The share of Lotus’s sales from fresh food has risen from 25 per cent to 27 per cent just in the last year, which is significant, particularly if fresh food prices have fallen as sharply as CP-Axtra says they have. Even more significant is that before the merger in 2019, fresh food accounted for only 18 per cent of Lotus’s sales. So that is a massive uplift of 9 percentage points in four years, during three of which there were severe supply-chain disruptions because of Covid-19 and its aftermath.
The quantity and quality of fresh food have clearly improved across all Lotus’s formats and particularly the smaller supermarkets (Lotus’s Go Fresh), which now number 2,054 and are living up to their name: they have shifted from being glorified convenience stores to providing a genuine, highly convenient alternative at the neighbourhood level to full-sized supermarkets or hypermarkets.
Omnichannel is up, up and away
Another major development for the company has been the stellar growth of omnichannel sales, which this year have accounted for 12.5 per cent of company sales and are on track for 15 per cent penetration by the end of next year.

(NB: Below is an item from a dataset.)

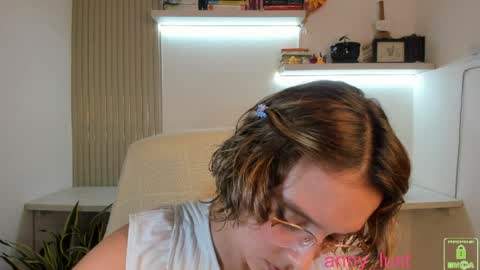 Snapshot of anny_lust chatting on April 29, 4:11 pm Issabela online show from April 29, 4:11 pm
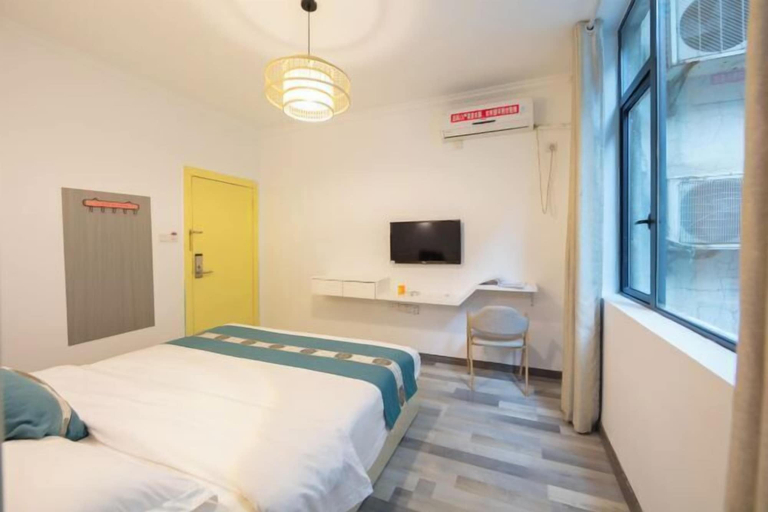 Bedroom 3, Violet Theme Inn (Zhangjiajie Tianmenshan Cableway Branch), Zhangjiajie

This doesn’t mean the company has given up on expansion of its real-estate platform or even slowed it down. Leveraging real-estate assets is certainly supportive of omnichannel fulfilment, but more than that it is a sign of confidence in the future of in-store shopping. CP Axtra now owns 164 wholesale warehouses averaging 5,300sqm, and 2,525 Lotus’s stores, of which 268 are hypermarkets. The medium-term goal is to add 3-4 large-format Lotus’s, 10-12 supermarkets and 100-120 Go Fresh mini-supermarkets per year in Thailand.
The company is also looking at expanding its international footprint. It already has a major presence in Malaysia and a foothold in several other countries in the region, including India and Cambodia.
Mall income is rising, too
CP Axtra has yet another string to its bow, apart from retail and wholesale sales from its own stores. It also derives income from renting space in the hypermarket-anchored malls it owns that are dotted around the country and usually compete head to head with a similarly configured type of mall run by Big C. CP Axtra refers to these as ‘hybrid’ malls, which incorporate both a company-owned store (the Lotus’s anchor) and third-party tenants. The amount of leasable space in these malls is non-trivial: 1.1 million square metres of it and that is only the ‘permanent’ leasable space, and doesn’t include pop-up and other temporary tenancies that add to the vibrancy of the Thai shopping experience.
Mall revenue grew by 6.9 per cent in the first nine months of 2023, on a year-over-year basis, to 10.6 billion baht (US$297 billion), on the back of both higher rents and occupancy. The company is looking at further opportunities to expand the amount of mall space on the land it owns to drive revenue growth.
CP Axtra is not without competition: Central Retail and Big C are both formidable and capable of eating into CP Axtra’s market share. For now though, it has no genuine peer in Thailand’s retail and wholesale space, and the way things are looking, it will not easily loosen its grip.